Когда армия была сокращена в июне 1815 года, майор Уистлер был отправлен в отставку, а в 1818 году назначен военным интендантом в Джефферсон-Барракс, Сент-Луис. Он умер в Белфонтейне, Миссури, в 1827 году. «Он был храбрым офицером и стал родоначальником линии храбрых и эффективных солдат».

Посетителю из Чикаго художник однажды сказал:

«Чикаго, боже мой, какое замечательное место! Я действительно должен посетить его когда-нибудь — ведь, знаете ли, мой дед основал этот город, а мой дядя был последним командиром форта Дирборн».

Джордж Вашингтон Уистлер, отец художника, стал инженером с большой репутацией, дослужился до звания майора и в 1842 году принял приглашение царя Николая руководить строительством железной дороги Санкт-Петербург — Москва, и говорят, что, за исключением Джона Куинси Адамса, ни один американец в России не пользовался таким высоким уважением.

Майор Уистлер был описан как очень красивый мужчина; у него были довольно длинные вьющиеся волосы, обрамлявшие очень приятное лицо. «Его можно было принять за художника, а не за военного инженера. И все же он был во всех отношениях мужественным человеком, с очень привлекательным выражением лица и манерами».
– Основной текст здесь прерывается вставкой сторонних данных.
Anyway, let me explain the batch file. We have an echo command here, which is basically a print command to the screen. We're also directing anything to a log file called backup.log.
Мать Уистлера — вторая жена его отца — была Анна Матильда МакНил, дочь доктора К. Д. МакНила из Уилмингтона, Северная Каролина.

Вот и все о роде, из которого произошел Уистлер, линии способных людей и хороших воинов. Окольными путями он, должно быть, унаследовал некоторые черты того «причудливого джентльмена с редким чувством юмора», так часто упоминаемого болтливым Сэмюэлем Пеписом, который говорит в одном месте: «Доктор Уистлер рассказал милую историю... Их беседа была очень тонкой; и если меня уволят с должности, я нахожу большое удовлетворение в свободе, которую буду иметь, посещая компанию этих джентльменов».
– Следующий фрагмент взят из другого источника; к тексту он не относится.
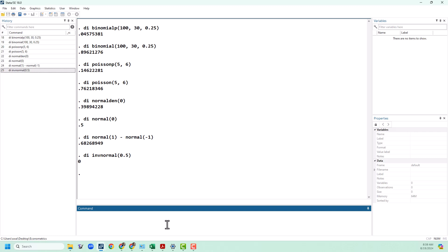This has been a quick video to show you how to do statistical calculations using Stata. There's a lot more of these distributions that are out there that Stata can do and you can look those up on your own, but these should be enough to get you started. Thanks for watching.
Сообщается, что Уистлер однажды заявил, что родился в Санкт-Петербурге, и он, безусловно, казался получающим удовольствие от мистификации людей относительно даты и места своего рождения — часть его привычного безразличия к трезвым требованиям тех торжественных метафизических сущностей, Времени и Пространства.

Один друг настаивал в печати на Балтиморе как на месте его рождения, другой — на Стонингтоне, Коннектикут.

Его модель однажды спросила его:

«Где вы родились?»

«Я никогда не рождался, дитя мое; я пришел свыше».

Совершенно не смутившись, модель парировала:

«Ну, это показывает, как легко мы обманываем себя в этом мире, ибо я бы сказала, что вы пришли снизу».

В каталоге Салона 1882 года он упоминался как «МакНил Уистлер, родился в Соединенных Штатах».

Его нежелание обсуждать даты, течение лет, время, которое потребуется, чтобы написать портрет, или сделать что-либо еще, граничило с суеверием.

Для него времени не существовало. Он не носил часов, и нигде вокруг него нельзя было увидеть или услышать назойливых часов. Он не верил в механические устройства для подгоняния и понукания многострадального человечества. Если его приглашали на обед, всегда было разумнее заказать обед по крайней мере на полчаса позже момента, указанного в приглашении.

Однажды у него была договоренность обедать с некоторыми выдающимися людьми в отдаленной части Лондона. Друг, который хотел быть вовремя, ждал его в студии. Становилось поздно, но Уистлер продолжал рисовать, все более и более поглощенный.

«Мой дорогой друг, — наконец настоял его друг, — уже ужасно поздно, а вы должны обедать с леди ——. Не думаете ли вы, что вам лучше остановиться?»

«Остановиться? — буквально взвизгнул Уистлер. — Остановиться, когда все идет так прекрасно? Пойти и набить себя едой, когда я могу писать вот так? Никогда! Никогда! К тому же, они ничего не будут делать, пока я не приду — они никогда этого не делают!»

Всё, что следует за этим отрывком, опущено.